この中で懸命に働いている兵や、怯え苦しんでいる民が沢山いるのだ。

扉を開けたことでリュナの髪もマントも風にさらわれそうになるくらい大きく暴れだした。

しっかりと歩いて行かないと飛ばされかねない。

リュナは短く息を吐いて気合を入れると途中まである屋根をぬけて、雨にうたれながらバルコニーの果ての手摺りまで進んでいった。

頭から被っていたマントが風で脱げそうになるのを手で押さえる。

しかし一歩出ただけでその意味をなさなくなったマントにリュナは心の中で苦笑いをした。

もう既にずぶ濡れだ、結局意味のない鎧をまとっただけの自分に後悔するがそれも仕方ない。

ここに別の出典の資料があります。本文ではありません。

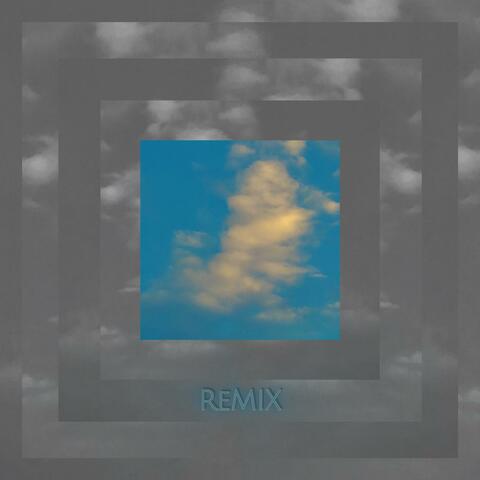 You're No Good (Remix)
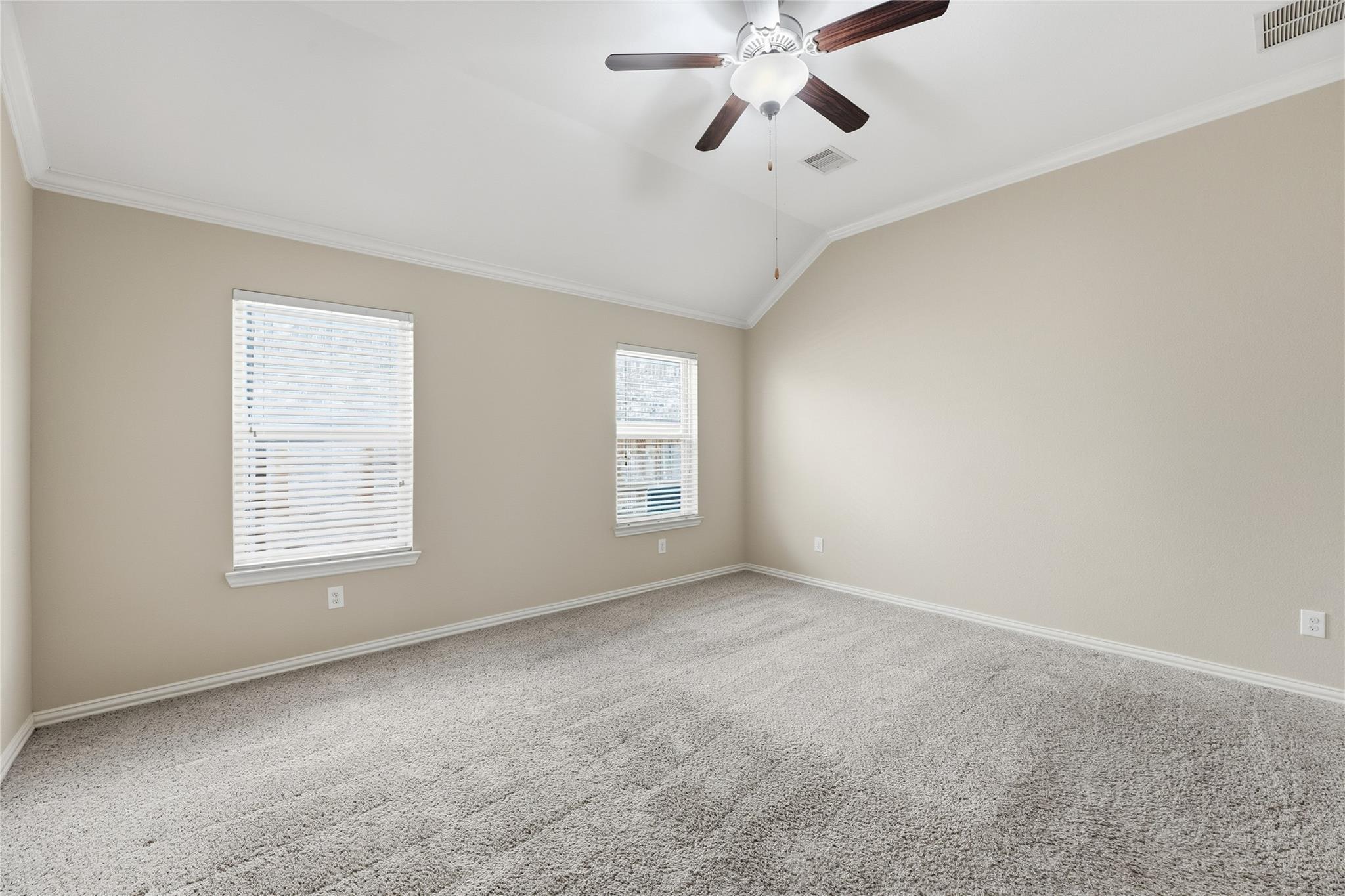 3510 Rapid Creek Lane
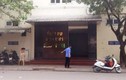 Xả thải trái phép ra sông, một công ty bị phạt 214 triệu đồng 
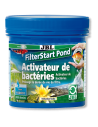 Filterstart Pond 250g JBL JBL - 1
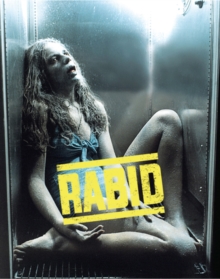 Image for Rabid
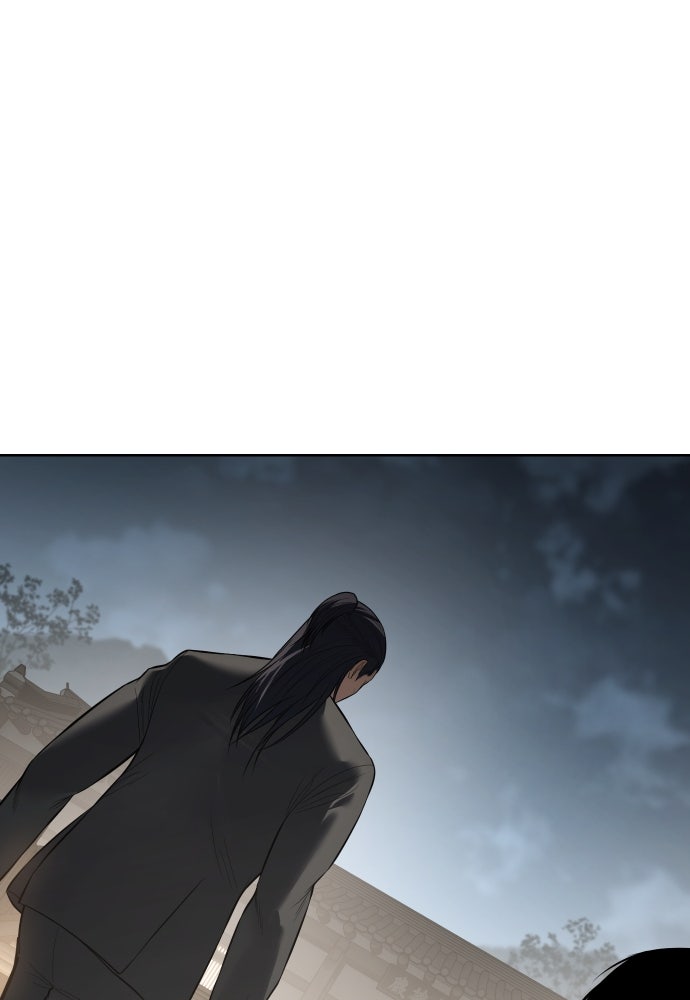Baek XX Chapitre 114 - Page 1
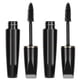 thumbnail image 2 of Waterproof Mascara Lengthening Thickening NonSmudge Mascara Cream Cosmetic Tool #2, 2 of 5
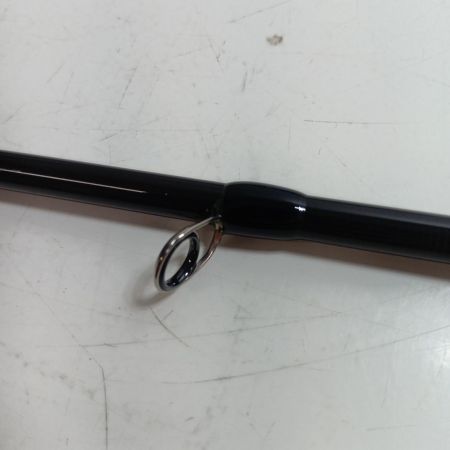 APIA 風神Z ﾗｽﾄﾘｿﾞｰﾄ 90 釣り用品 ロッド シーバスロッド 程度AB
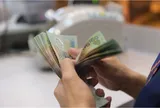 Hỗ trợ cho mỗi cán bộ công chức từ 2.000.000 đồng đến 3.000.000 đồng tiền ở theo Nghị quyết 17 đối với các trường hợp thế nào?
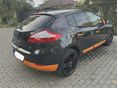 RENAULT MEGANE 2010/2 - 4
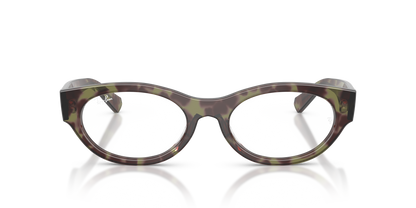 RAY-BAN RX5447 8459 51
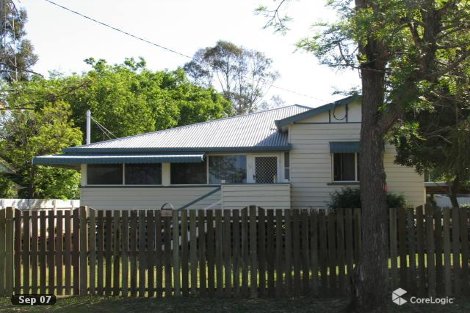 9 Grand St, Pittsworth, QLD 4356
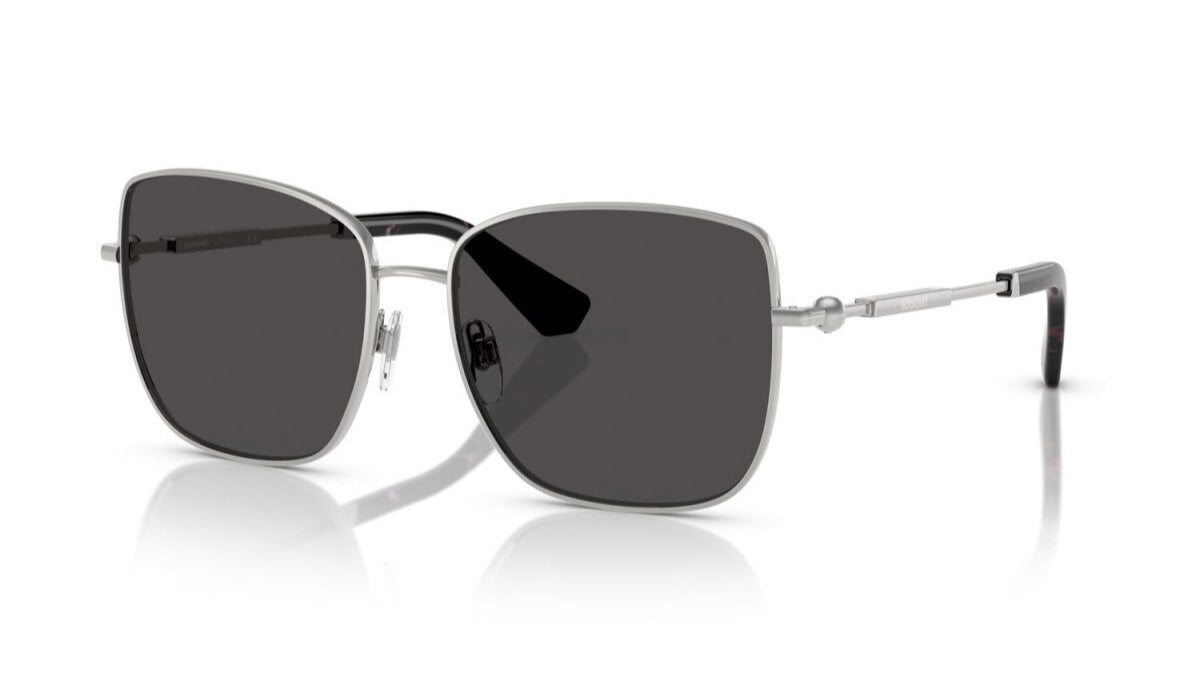 Burberry BE3158 Square Sunglasses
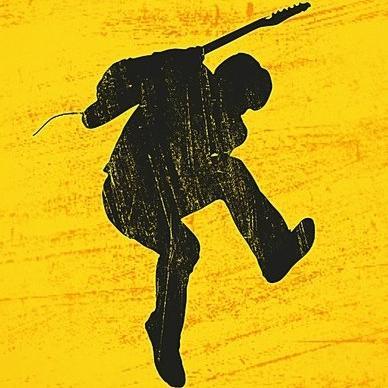 OJPlayhouse's profile picture. Open mic/live jam celebrating live music every Tuesday at the famous Dublin Castle music venue in Camden with a great house band / Free entry / Sign up from 730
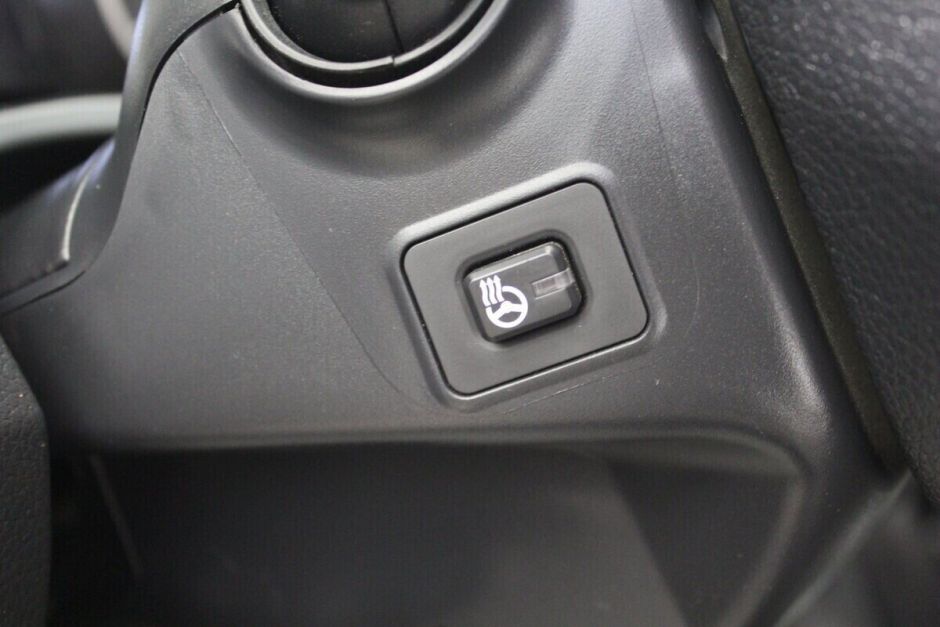 Hyundai Santa Fe 2.2 АКПП, 2017, 72 000 км фото 18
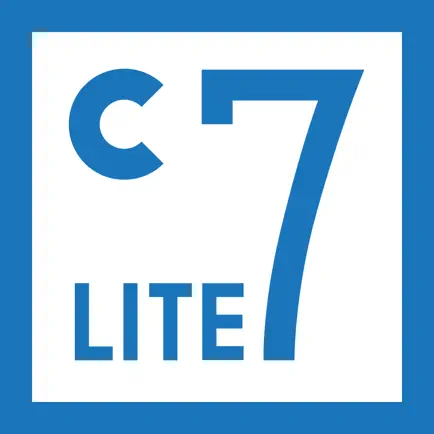 Coach 7 Lite Читы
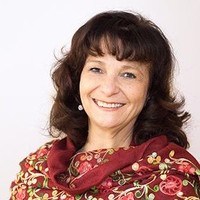 Sueli Baker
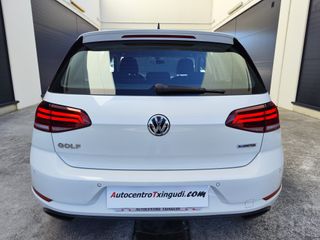 Volkswagen Golf Last Edition 1.5 TSI 130 CV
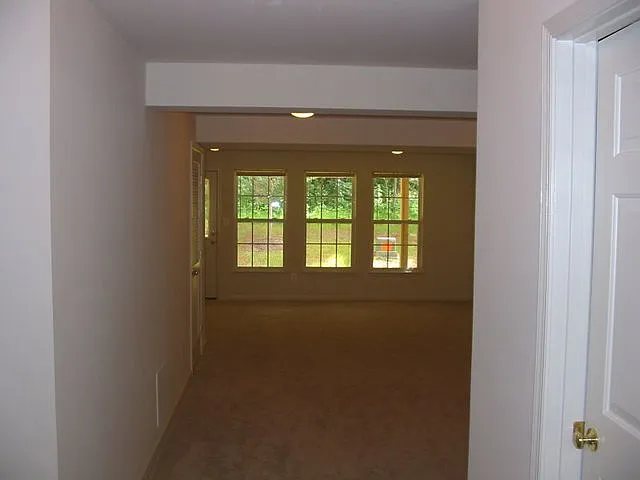 13659 Saint Johns Wood Pl — Photo 4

雨に濡れ、水を含んで重たくなった髪も容赦なく宙に舞わせる。

荒れ狂う風を感じながら、リュナは目を細めて空を見上げた。

身体中に降り注ぐ雨が痛い。

「答えてくれるかしら。」

胸の内に留めておくことが出来なかった言葉がリュナの口から漏れる。

暗く分厚い雲はまだまだ雨を止めてくれそうになかった。

身体にまとわりついて動きにくい服の中から風玉を取り出して掲げる。